#### Task item:
Please restate the listing below in full, word for word.
** Data extract follows **
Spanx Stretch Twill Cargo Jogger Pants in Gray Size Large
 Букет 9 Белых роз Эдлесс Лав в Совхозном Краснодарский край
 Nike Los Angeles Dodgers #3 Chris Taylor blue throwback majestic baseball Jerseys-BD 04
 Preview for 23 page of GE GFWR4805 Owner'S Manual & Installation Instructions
** End of Data extract **
#### Response to this exercise:
Spanx Stretch Twill Cargo Jogger Pants in Gray Size Large
 Букет 9 Белых роз Эдлесс Лав в Совхозном Краснодарский край
 Nike Los Angeles Dodgers #3 Chris Taylor blue throwback majestic baseball Jerseys-BD 04
 Preview for 23 page of GE GFWR4805 Owner'S Manual & Installation Instructions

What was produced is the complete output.